[PATCH] ARM: mm: report both sections from PMD

Kees Cook keescook at chromium.org
Tue Feb 11 13:22:40 EST 2014


On Tue, Feb 11, 2014 at 3:17 AM, Catalin Marinas
<catalin.marinas at arm.com> wrote:
> On Mon, Feb 10, 2014 at 05:26:28PM +0000, Kees Cook wrote:
>> On Mon, Feb 10, 2014 at 2:41 AM, Catalin Marinas
>> <catalin.marinas at arm.com> wrote:
>> > On Mon, Feb 10, 2014 at 10:29:35AM +0000, Catalin Marinas wrote:
>> >> On Sun, Feb 09, 2014 at 10:18:26PM +0000, Kees Cook wrote:
>> >> > diff --git a/arch/arm/mm/dump.c b/arch/arm/mm/dump.c
>> >> > index 1f7b1e13d945..ff1559f9200c 100644
>> >> > --- a/arch/arm/mm/dump.c
>> >> > +++ b/arch/arm/mm/dump.c
>> >> > @@ -264,6 +264,9 @@ static void walk_pmd(struct pg_state *st, pud_t *pud, unsigned long start)
>> >> >                     note_page(st, addr, 3, pmd_val(*pmd));
>> >> >             else
>> >> >                     walk_pte(st, pmd, addr);
>> >> > +
>> >> > +           if (SECTION_SIZE < PMD_SIZE && pmd_sect(*pmd))
>> >> > +                   note_page(st, addr + SECTION_SIZE, 3, pmd_val(pmd[1]));
>> >>
>> >> You can  use pmd_large() here as well.
>> >>
>> >> But I think this function is broken (the "for" statement not shown
>> >> here).

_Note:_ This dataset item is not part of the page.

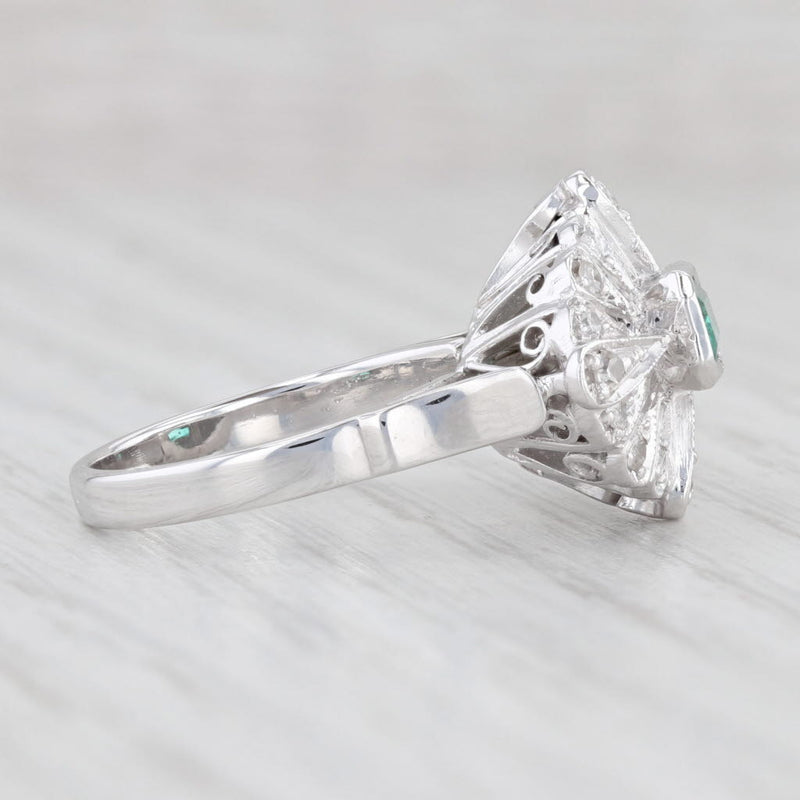 Vintage 0.73ctw Emerald Diamond Halo Ring 18k White Gold Size 5.25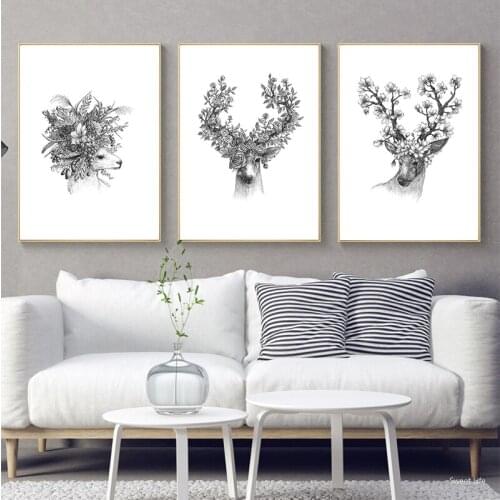 Modern Animal Flower Deer Head Black and White Print Poster Wall Art Picture Nordic Hippie Home Decoration Canvas Art Painting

The pmd_t is 32-bit with classic MMU and it uses pmd++ while the
>> >> address grows by PMD_SIZE (two pmd_t entries).
>> >
>> > Actually it's ok since PTRS_PER_PMD is 1, so it only goes through this
>> > loop once.
>> >
>> > But in your patch shouldn't you check for pmd_large(*(pmd+1))? The first
>> > pmd is already caught by the 'if' statement.
>>
>> It wasn't clear to me what the logic should be here. If PTRS_PER_PMD
>> is 1, then why is there this second pmd after the first? Shouldn't
>> PTRS_PER_PMD be 2 if that's the case?
>
> The reason is that a hardware pte has only 256 entries (classic MMU),
> this is 1KB. We put two pte tables together and it gives us 2KB. The
> other 2KB in the page are used for Linux pte bits. Because we have two
> hw pte tables in a page, we need two corresponding pmd entries.
>
> A side effect is that even though we don't actually have a pmd (normally
> we should have included pgtable-nopmd.h), we still pretend we have one
> and __pmd_populate takes care of writing two consecutive entries. If we
> set PTRS_PER_PMD to 2, we should modify pte_alloc_one() to allocate a
> single hw pte (1KB + 1KB for software bits). I don't think this would be
> more efficient (there may have been other kernel restrictions in the
> past to require a full pte table page).
>
>> If that's not the case, then I figured the state of needing to report
>> the 2nd pmd depended on the type of the first one, so that's what I
>> wrote instead of trying to figure out why PTRS_PER_PMD wasn't 2.
>
> I don't remember whether we can have the first pmd being a table and the
> second one being a section. I don't think we restrict this but Russell
> should know more.

It sounds like my logic is still okay, then? Perhaps move it into the
first "if" for readability?

                if (pmd_none(*pmd) || pmd_large(*pmd) || !pmd_present(*pmd)) {
                        note_page(st, addr, 3, pmd_val(*pmd));
                        if (SECTION_SIZE < PMD_SIZE && pmd_sect(*pmd))
                                note_page(st, addr + SECTION_SIZE, 3,
pmd_val(pmd[1]));
                } else
                        walk_pte(st, pmd, addr);

Or should be be explicitly separated (to allow for the very unlikely
future case of pmd_large != pmd_sect)? In the LPAE case, SECTION_SIZE
== PMD_SIZE, so IIUC, we have to continue testing for that:

                if (pmd_sect(*pmd)) {
                        note_page(st, addr, 3, pmd_val(*pmd));
                        if (SECTION_SIZE < PMD_SIZE)
                                note_page(st, addr + SECTION_SIZE, 3,
pmd_val(pmd[1]));
                } else if (pmd_none(*pmd) || pmd_large(*pmd) ||
!pmd_present(*pmd))
                        note_page(st, addr, 3, pmd_val(*pmd));
                else
                        walk_pte(st, pmd, addr);

>> There's clearly something I'm not understanding in here. :)
>
> I happen to understand it from time to time but it doesn't last ;).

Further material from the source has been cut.